Retenez surtout la méthode : pour calculer \(\ker(f)\), on résout \(f(x) = 0\) ; pour trouver \(\operatorname{Im}(f)\), on calcule les images des vecteurs d’une base et on extrait une famille libre. Le théorème du rang permet ensuite de vérifier la cohérence de vos calculs.
Pour aller plus loin, ces notions s’articulent naturellement avec la réduction et diagonalisation des matrices, où le noyau d’une application \(f – \lambda \operatorname{id}\) donne exactement le sous-espace propre associé à la valeur propre \(\lambda\). Le parcours logique de l’algèbre linéaire se poursuit ainsi, brique après brique, et chaque concept s’appuie sur ceux qui précèdent.
Référence externe : Pour approfondir ces notions avec une présentation formelle supplémentaire, consultez l’article Application linéaire — Wikipédia, qui donne notamment la formulation dans le cadre des modules et des anneaux plus généraux.
Questions fréquentes sur le noyau et l’image
Comment calculer le noyau d’une application linéaire ?
Pour calculer le noyau de \(f : E \to F\), on résout l’équation \(f(x) = 0_F\) dans \(E\). Concrètement, si \(f\) est donnée par une matrice \(A\), cela revient à résoudre le système homogène \(Ax = 0\) en utilisant la méthode du pivot de Gauss. On exprime ensuite les solutions en fonction des variables libres pour obtenir une base du noyau.
Quelle est la différence entre le noyau et l’image d’une application linéaire ?

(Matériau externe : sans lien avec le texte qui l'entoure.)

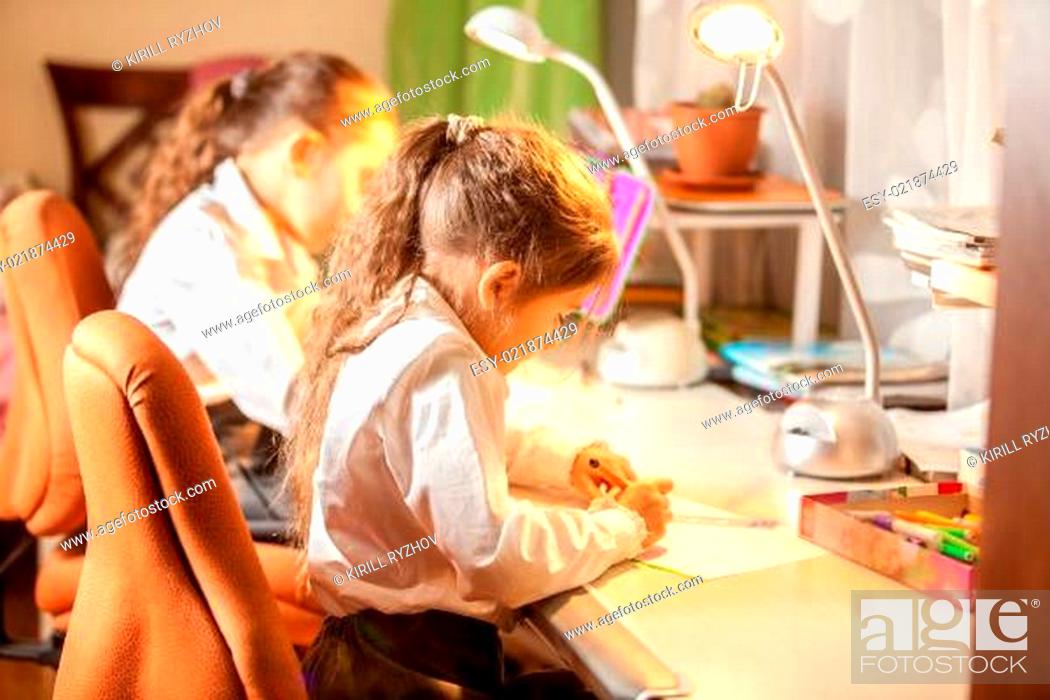 Little Girls Drawing Pictures Behind Desk Stock Photo Picture And Low Budget Royalty Free Image Pic Esy 021874429 Agefotostock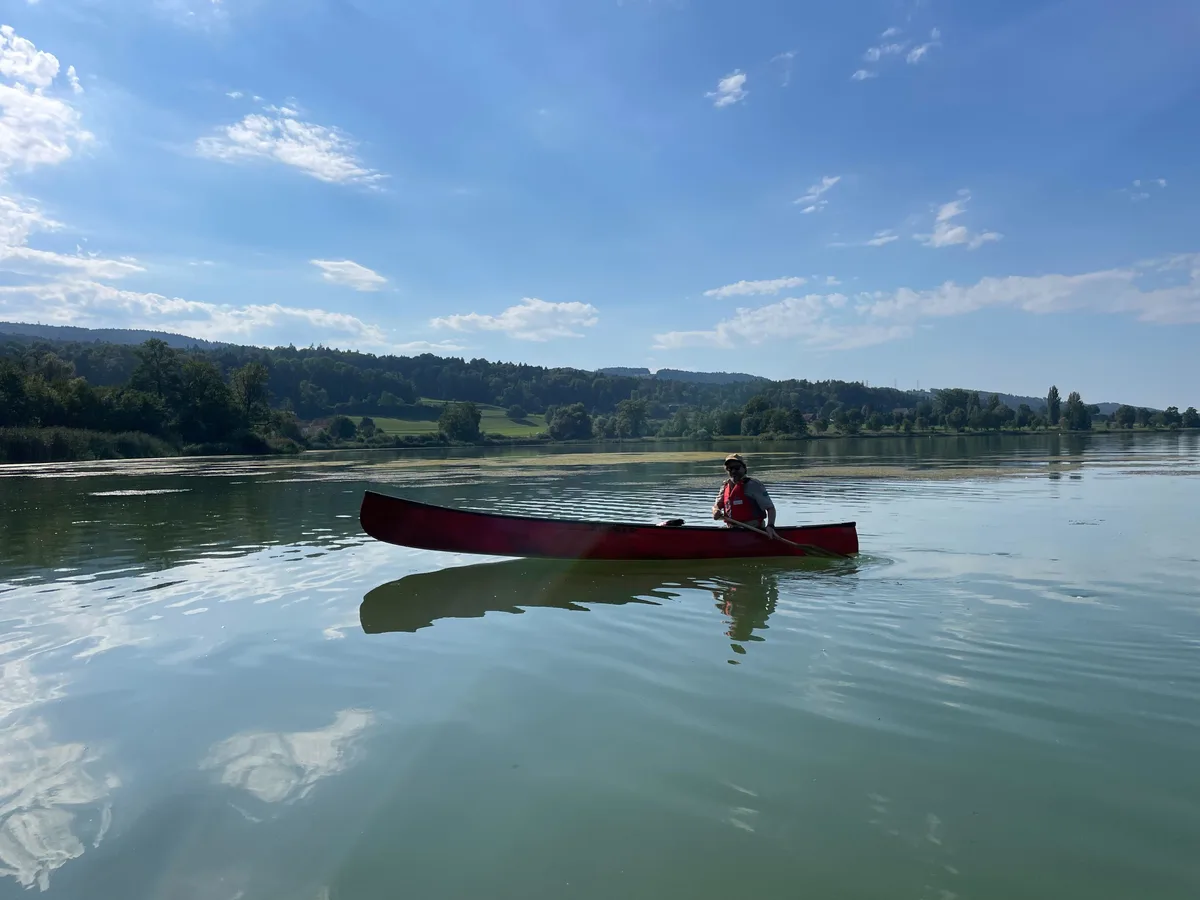 Rund eine Stunde ist er auf dem Greifensee unterwegs. Bild von einem Mann in einem roten Kanu auf dem See.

Le noyau (\(\ker(f)\)) est un sous-espace de l’espace de départ \(E\) : il contient les vecteurs que \(f\) envoie sur zéro. L’image (\(\operatorname{Im}(f)\)) est un sous-espace de l’espace d’arrivée \(F\) : il contient tous les vecteurs que \(f\) peut produire. L’un mesure « ce qu’on perd », l’autre « ce qu’on atteint ».
Comment démontrer qu’une application linéaire est injective grâce au noyau ?
Une application linéaire \(f\) est injective si et seulement si \(\ker(f) = \{0_E\}\). Pour le démontrer, on résout \(f(x) = 0\) et on montre que la seule solution est \(x = 0\). Si le système homogène associé n’a pas de variable libre, le noyau est trivial et \(f\) est injective.
Qu’est-ce que le théorème du rang et comment l’utilise-t-on ?
Le théorème du rang (aussi appelé théorème des noyaux) énonce que \(\dim(E) = \dim(\ker(f)) + \operatorname{rg}(f)\), où \(\operatorname{rg}(f) = \dim(\operatorname{Im}(f))\). En pratique, si l’on a calculé le noyau, on en déduit le rang par simple soustraction. Inversement, si l’on connaît le rang (par exemple depuis la matrice associée), on connaît immédiatement la dimension du noyau — sans résoudre de système.